How to calculate the side of a right triangle from the coordinates of points and the length of one side?

Question

I have the line AB. And I need to calculate the coordinates of point D.

I know the coordinates of points A, B and C.

If I make this an imaginary right triangle, I just need to know the length of the CD line (a in the picture)

Since I can easily calculate the line length AC (d on the picture) from the coordinates, I only need the line AD to calculate the CD using the Pythagorean theorem.

I know the coordinates of points A and B, so I can easily calculate the length of line AB from this.

But how do I calculate the length of the AD line so that I can then calculate the length of the CD? Or is it possible in another way? Unfortunately, I don't know the angles either.

Please help

Thank you

Answer 1

Let $t$ the $y$ coordinate of poinr $D$. We have by simili relations that: $$\frac{\sqrt{(x_4-x_2)^2+(t-y_2)^2}}{\sqrt{(x_1-x_4)^2+(y_1-t)^2}}=\frac{|y_3-t|}{|t-y_2|}$$ Now, you can notice that putting $O(0,0)$ on the point $A$, the points $D$ and $C$ have the same $x$ coordinate. And the equation becomes:

$$\frac{\sqrt{(x_3-x_2)^2+(t-y_2)^2}}{\sqrt{(x_1-x_3)^2+(y_1-t)^2}}=\frac{|y_3-t|}{|t-y_2|}$$

Can you finish it from here?

Answer 2

Hint: Obtain the equation of the line (say $L$) passing through $C$ and perpendicular to the line $AC$. Calculate the point of intersection of $L$ and the line $AB$. This should give you the coordinates of $D$. In other words, if $D$ has the coordinates $(x_4,y_4)$, then you have the following constraints:

1. $(x_1-x_3)(x_4-x_3)+(y_1-y_3)(y_4-y_3)=0$. (Because $AC$ is perpendicular to $CD$)
2. $\frac{y_4-y_2}{y_2-y_1}=\frac{x_4-x_2}{x_2-x_1}$ (Because $D$ lies on $AB$. The cases where $x_1=x_2$ and/or $y_1=y_2$ can be dealt with similarly)

These can be solved to obtain $x_4,y_4$

Answer 3

This works only for Pythagorean triples or for triangles "similar" to Pythagorean triples.

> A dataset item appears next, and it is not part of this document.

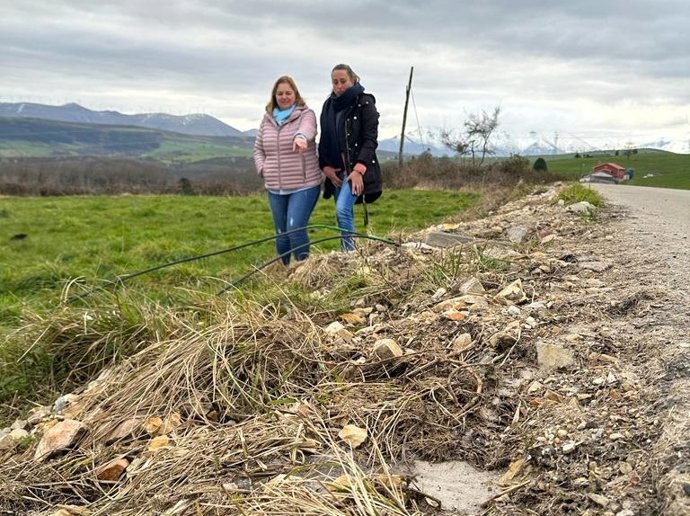 La diputada del PP Cristina Vega visita junto a la portavoz del PP en Tineo, Montse Fernández, distintos pueblos del concejo en los que se acaban de ejecutar obras para instalar fibra óptica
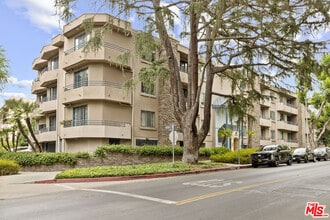 Building Photo - 4230 Stansbury Ave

If $\space d \space$ is not an odd integer, round to an odd integer greater than $\space 1 \space$and then multiply or divide all sides (as needed) by $\space \dfrac{d}{\text{rounded-number}}$ after the following calculations are complete.

Assuming Pythagorean triples where all sides are integers, we begin with the Pythagorean theorem where $\space A^2+B^2=C^2\space $ and Euclid's formula where $\space A=m^2-k^2 \quad B=2mk\quad C=m^2+k^2.\quad$ From your diagram we let the $x$-coordinate be $\space d=A.\quad$ For any primitiive Pythagorean triple, $\space A=2x+1, x\in\mathbb{N}\space$ and, for each $A$-value, there are $2^{n-1}$ primitive triples where $\space n\space$ is the number of distinct prime factors of $\space A.\quad$ We can find all of these triples by solving the $A$-function for $\space k\space$ and testing a defined range of $m$-values to see which yield integers. Note that there may be additional triples found if they are odd square multiples of primitives.

Let us begin $$A=m^2-k^2\implies k=\sqrt{m^2-A}\\ \text{for}\qquad \sqrt{A+1} \le m \le \frac{A+1}{2}$$ The lower limit ensures $k\in\mathbb{N}$ and the upper limit ensures $m> k$.

$$A=3\cdot 5=15\implies \sqrt{15+1}=4\le m \le \frac{15+1}{2} =8\\ \text{and we find}\quad \sqrt{4^2-15}=1,\space \sqrt{8^2-15}=7\\ i.e. \space m\in\{4,8\}\implies k \in\{1,7\} $$ $$F(4,1)=(15,8,17)\qquad \qquad F(8,7)=(15,112,113) $$

Here, there are $2^{2-1}=2$ triples where $a=8$ or $a=112$ and $AD$ is either $17$ or $113$.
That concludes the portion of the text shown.